Данил Корецкий - Принцип каратэ
— Крупными.
— А-а-а, — понимающе осклабился Кулак, — значит, тратить не собираешься... И правильно, пусть полежат...
Он отслюнил пачку двадцатипятирублевок и, держа руку на отлете, замешкался.
— Сверни трубочкой, — ровно сказал Колпаков.
— Трубочкой? — На бородатом лице отразилось непонимание.
— Да, и потуже.
— Счас сделаем, у меня и резинка есть, перехватим. Готово! Толстовато, но ничего, поместится...
— Тебе видней. Теперь засунь их себе...
Колпаков точно назвал, куда именно следует засунуть денежный рулончик, и тут же схватил дернувшегося было бородача мертвой хваткой за кончик носа, а другой рукой рубанул, будто отсекая зажатую часть. Хлынула кровь.

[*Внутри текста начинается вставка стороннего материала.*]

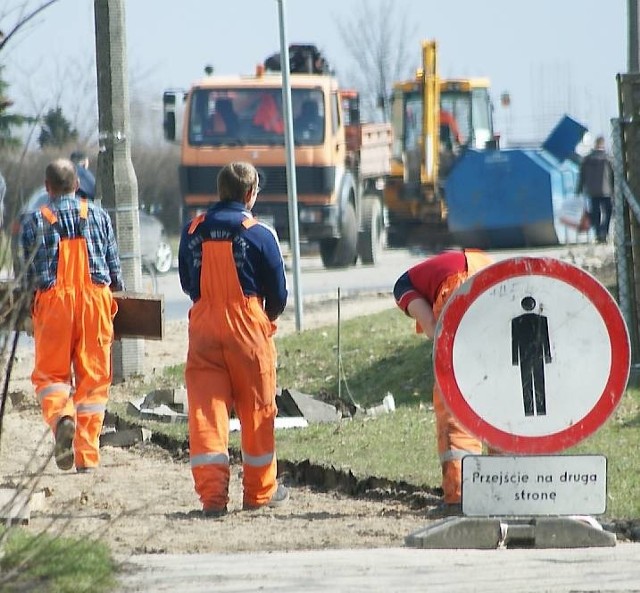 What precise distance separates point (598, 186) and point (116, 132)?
18.2 metres

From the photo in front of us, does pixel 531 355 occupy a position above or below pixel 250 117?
below

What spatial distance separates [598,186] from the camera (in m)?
31.2

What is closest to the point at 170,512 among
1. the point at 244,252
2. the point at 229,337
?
the point at 229,337

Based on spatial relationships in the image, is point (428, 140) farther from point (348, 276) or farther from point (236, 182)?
point (236, 182)

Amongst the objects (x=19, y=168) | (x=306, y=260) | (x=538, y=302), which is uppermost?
(x=19, y=168)

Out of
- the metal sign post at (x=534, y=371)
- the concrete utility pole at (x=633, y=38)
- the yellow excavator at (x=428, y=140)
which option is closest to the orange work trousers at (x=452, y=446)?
the metal sign post at (x=534, y=371)

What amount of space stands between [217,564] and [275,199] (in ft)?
71.7

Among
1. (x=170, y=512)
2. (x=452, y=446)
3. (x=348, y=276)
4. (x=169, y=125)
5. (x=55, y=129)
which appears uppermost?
(x=55, y=129)

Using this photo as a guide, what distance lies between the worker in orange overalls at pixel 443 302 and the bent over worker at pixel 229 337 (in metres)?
0.70

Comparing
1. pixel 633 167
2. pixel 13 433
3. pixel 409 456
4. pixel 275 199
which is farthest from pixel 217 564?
pixel 275 199

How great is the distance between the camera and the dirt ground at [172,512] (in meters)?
7.85

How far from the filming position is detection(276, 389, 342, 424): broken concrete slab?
1210 cm

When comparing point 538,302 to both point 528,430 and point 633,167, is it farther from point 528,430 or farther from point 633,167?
point 633,167

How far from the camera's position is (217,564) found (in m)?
6.86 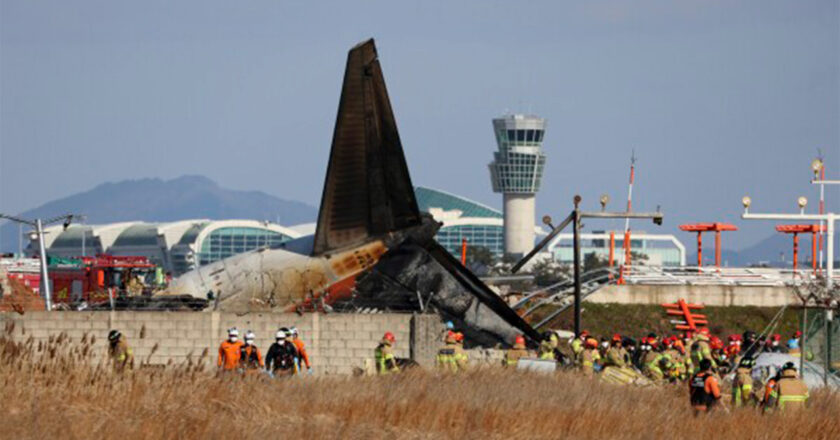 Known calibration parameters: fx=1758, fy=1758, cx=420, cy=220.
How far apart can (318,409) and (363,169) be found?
2237cm

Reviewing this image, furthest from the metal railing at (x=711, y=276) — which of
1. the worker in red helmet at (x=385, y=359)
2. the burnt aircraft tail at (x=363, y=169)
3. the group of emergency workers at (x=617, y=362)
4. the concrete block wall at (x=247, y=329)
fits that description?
the worker in red helmet at (x=385, y=359)

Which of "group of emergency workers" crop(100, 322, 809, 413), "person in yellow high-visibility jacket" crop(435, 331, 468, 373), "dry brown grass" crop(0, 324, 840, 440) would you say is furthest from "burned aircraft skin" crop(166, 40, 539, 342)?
"dry brown grass" crop(0, 324, 840, 440)

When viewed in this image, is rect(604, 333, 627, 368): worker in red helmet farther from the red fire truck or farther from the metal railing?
the metal railing

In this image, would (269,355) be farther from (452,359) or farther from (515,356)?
(515,356)

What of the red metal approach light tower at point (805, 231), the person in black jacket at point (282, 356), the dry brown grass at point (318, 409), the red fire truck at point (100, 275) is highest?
the red metal approach light tower at point (805, 231)

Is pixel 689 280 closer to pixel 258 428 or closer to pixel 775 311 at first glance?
pixel 775 311

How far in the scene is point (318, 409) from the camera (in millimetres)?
26375

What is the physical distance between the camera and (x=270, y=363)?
33.5m

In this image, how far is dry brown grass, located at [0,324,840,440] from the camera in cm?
2298

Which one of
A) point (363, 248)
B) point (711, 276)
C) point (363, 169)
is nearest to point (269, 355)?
point (363, 248)

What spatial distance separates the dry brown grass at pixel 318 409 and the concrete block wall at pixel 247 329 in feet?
32.6

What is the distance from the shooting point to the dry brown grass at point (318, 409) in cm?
2298

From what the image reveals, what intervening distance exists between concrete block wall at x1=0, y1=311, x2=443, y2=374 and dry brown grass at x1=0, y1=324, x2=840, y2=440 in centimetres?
994

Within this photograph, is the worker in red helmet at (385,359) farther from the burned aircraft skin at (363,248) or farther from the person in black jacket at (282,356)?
the burned aircraft skin at (363,248) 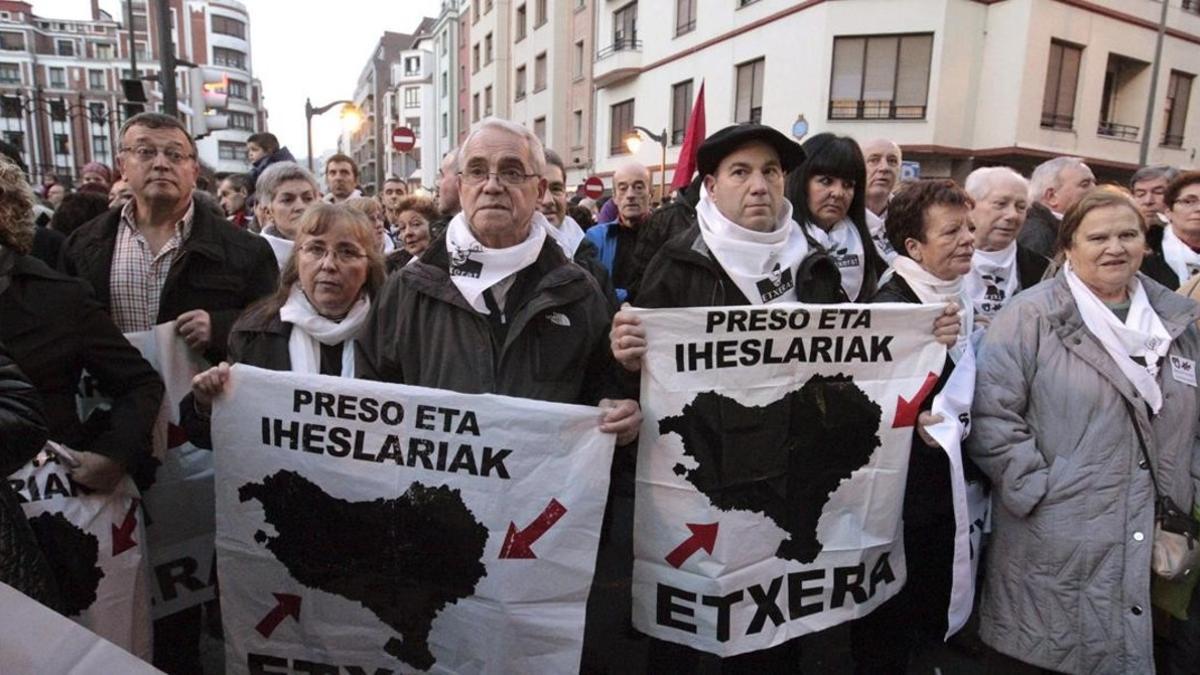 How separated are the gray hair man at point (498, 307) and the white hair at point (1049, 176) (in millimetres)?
3578

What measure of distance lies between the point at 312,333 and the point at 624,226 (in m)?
3.41

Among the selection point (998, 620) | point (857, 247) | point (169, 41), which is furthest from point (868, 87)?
point (998, 620)

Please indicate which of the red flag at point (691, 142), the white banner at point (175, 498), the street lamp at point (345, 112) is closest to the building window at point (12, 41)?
the street lamp at point (345, 112)

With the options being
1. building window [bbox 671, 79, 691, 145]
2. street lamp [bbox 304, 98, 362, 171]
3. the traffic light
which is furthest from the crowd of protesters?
building window [bbox 671, 79, 691, 145]

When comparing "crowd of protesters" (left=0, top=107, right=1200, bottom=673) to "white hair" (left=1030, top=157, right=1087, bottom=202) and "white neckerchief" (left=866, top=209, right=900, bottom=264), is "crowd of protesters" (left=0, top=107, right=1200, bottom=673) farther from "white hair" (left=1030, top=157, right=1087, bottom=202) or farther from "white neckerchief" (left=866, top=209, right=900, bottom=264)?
"white hair" (left=1030, top=157, right=1087, bottom=202)

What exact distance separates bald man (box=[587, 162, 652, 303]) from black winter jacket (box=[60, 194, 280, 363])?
8.77 feet

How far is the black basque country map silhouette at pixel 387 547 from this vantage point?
230 cm

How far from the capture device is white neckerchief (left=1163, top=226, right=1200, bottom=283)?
395 cm

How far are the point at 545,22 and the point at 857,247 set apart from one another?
3076 centimetres

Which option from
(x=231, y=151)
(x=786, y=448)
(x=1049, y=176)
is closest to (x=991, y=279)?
(x=1049, y=176)

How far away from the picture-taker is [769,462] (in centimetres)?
243

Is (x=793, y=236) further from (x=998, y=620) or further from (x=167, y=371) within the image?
(x=167, y=371)

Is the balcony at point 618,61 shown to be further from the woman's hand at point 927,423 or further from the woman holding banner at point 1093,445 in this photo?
the woman's hand at point 927,423

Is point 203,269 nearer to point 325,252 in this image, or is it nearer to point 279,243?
point 325,252
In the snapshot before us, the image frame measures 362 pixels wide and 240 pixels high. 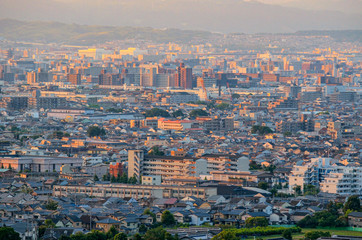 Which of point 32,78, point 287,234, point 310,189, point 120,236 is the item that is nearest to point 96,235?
point 120,236

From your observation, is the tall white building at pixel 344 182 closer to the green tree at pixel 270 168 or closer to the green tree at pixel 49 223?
the green tree at pixel 270 168

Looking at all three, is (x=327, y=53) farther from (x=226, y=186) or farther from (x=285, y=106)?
(x=226, y=186)

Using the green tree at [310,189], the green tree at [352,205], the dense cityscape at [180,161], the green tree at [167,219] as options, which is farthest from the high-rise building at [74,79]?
the green tree at [167,219]

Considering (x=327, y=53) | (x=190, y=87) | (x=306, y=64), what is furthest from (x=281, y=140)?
(x=327, y=53)

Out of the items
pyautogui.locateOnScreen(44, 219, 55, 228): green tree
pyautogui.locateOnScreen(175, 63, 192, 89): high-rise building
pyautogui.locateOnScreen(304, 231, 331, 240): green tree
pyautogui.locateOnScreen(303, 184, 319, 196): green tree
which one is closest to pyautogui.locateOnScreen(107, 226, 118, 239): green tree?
pyautogui.locateOnScreen(44, 219, 55, 228): green tree

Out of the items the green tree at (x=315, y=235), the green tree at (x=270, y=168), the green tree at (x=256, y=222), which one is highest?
the green tree at (x=315, y=235)

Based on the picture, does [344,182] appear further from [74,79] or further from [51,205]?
[74,79]

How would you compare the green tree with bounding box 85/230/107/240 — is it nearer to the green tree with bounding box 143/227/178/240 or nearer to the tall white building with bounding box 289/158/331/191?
the green tree with bounding box 143/227/178/240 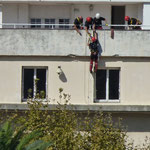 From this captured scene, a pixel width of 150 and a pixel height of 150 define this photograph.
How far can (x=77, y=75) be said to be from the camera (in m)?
36.9

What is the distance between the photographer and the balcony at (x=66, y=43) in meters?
36.5

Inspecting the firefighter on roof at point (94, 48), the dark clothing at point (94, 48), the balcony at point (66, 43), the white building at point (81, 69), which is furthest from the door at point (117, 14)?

Варварский прием, но не опасный, ошеломляет противника, выводит из строя, не причиняя вреда здоровью. Существенного вреда — хрящ, как правило, ломается, но тут уж ничего не попишешь.
Кулак взревел, рванулся, чтобы выскочить на простор и уничтожить обидчика, пришлось вздернуть его большим пальцем за челюсти и опрокинуть обратно на сиденье.
— Тихо, приятель, не шуми. Приедет милиция, а ты тепленький, и деньги трубочкой... Хоть картину рисуй «Взяткодатель перед лицом закона». И кого покупать надумал?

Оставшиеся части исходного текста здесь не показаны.